=== Stored data ===
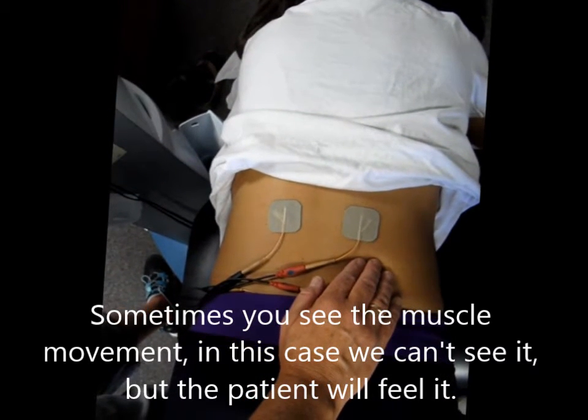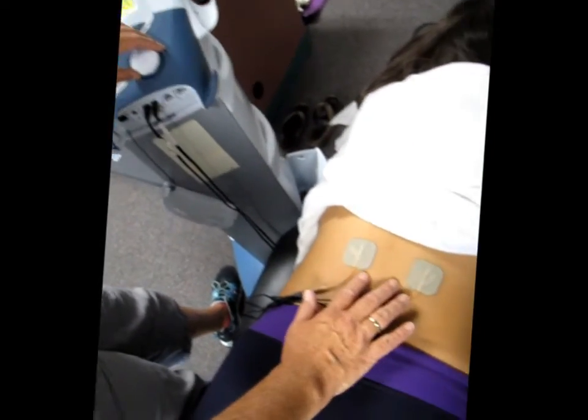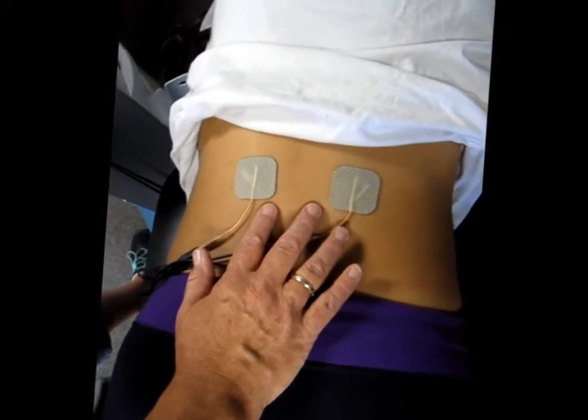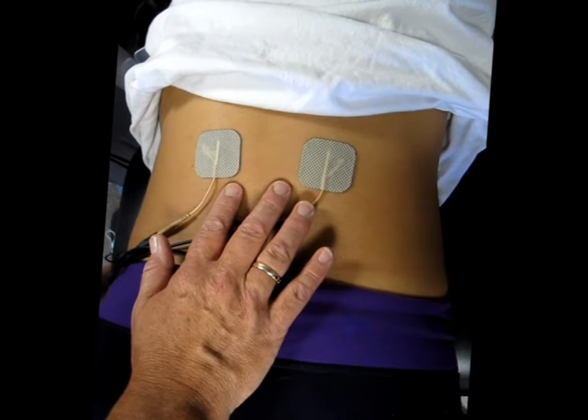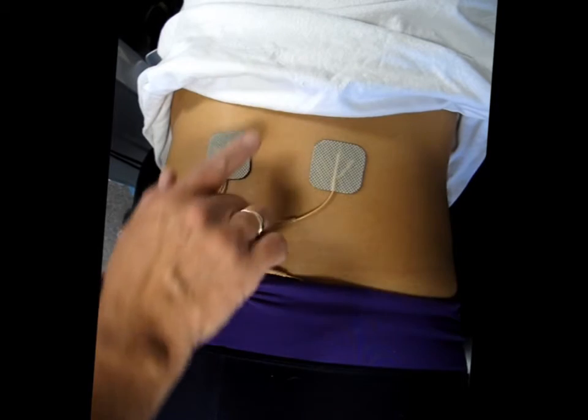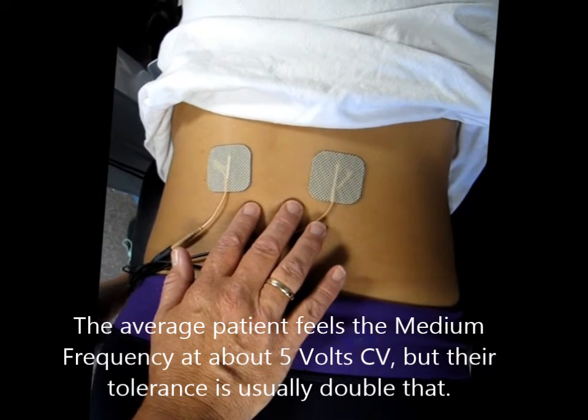We're up to 1.9. Do you feel anything yet? I feel a little. Okay, I'm going to see if I can get a twitch since it's visible. Tell me when to stop. I'm only at 4.6 volt CV. Let's see — her muscle is starting to get more visible right there. Is that too much or okay? No, that's good.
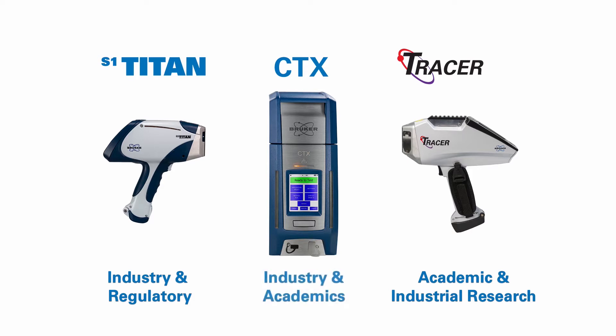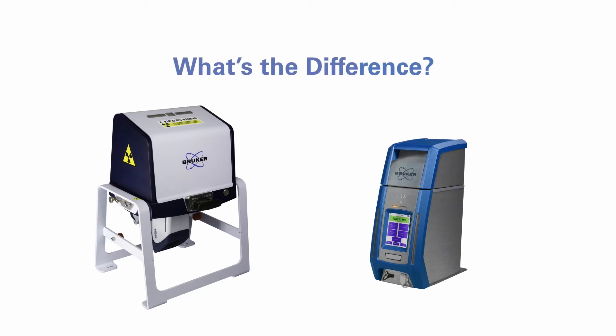The self-contained, safety-interlocked CTX is optimized for both industrial and academic analysis of small or prepared samples, as well as those presented in cups, bottles, and bags. An optional benchtop stand can be purchased with the S1 Titan, which makes the decision to purchase the CTX or the S1 Titan a tough one. Comparably priced, the CTX is self-contained with easy viewing of and access to the screen display, ports, and on/off switch.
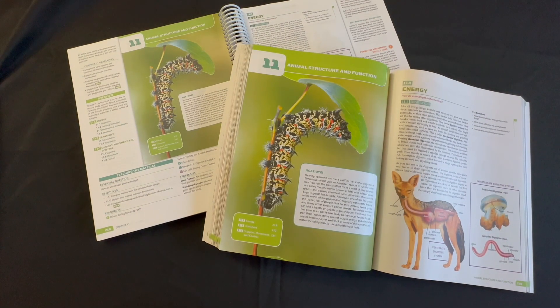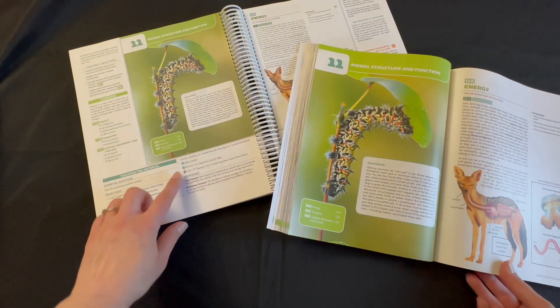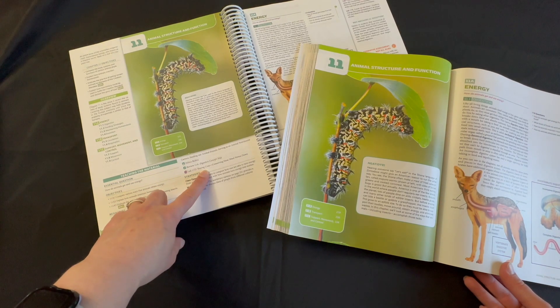Let's take a look at chapter 11. In this chapter, your student will be studying animal structure and function. In lab 11D, they will be looking at conserving heat — wool versus down.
===
__What you have to do__:
The output should be the lines from the one with "The self-contained, safety-interlocked" through the end of the material above, both ends included, printed exactly and nothing else. Drop the pictures.

__Result of this exercise__:
The self-contained, safety-interlocked CTX is optimized for both industrial and academic analysis of small or prepared samples, as well as those presented in cups, bottles, and bags. An optional benchtop stand can be purchased with the S1 Titan, which makes the decision to purchase the CTX or the S1 Titan a tough one. Comparably priced, the CTX is self-contained with easy viewing of and access to the screen display, ports, and on/off switch.
Let's take a look at chapter 11. In this chapter, your student will be studying animal structure and function. In lab 11D, they will be looking at conserving heat — wool versus down.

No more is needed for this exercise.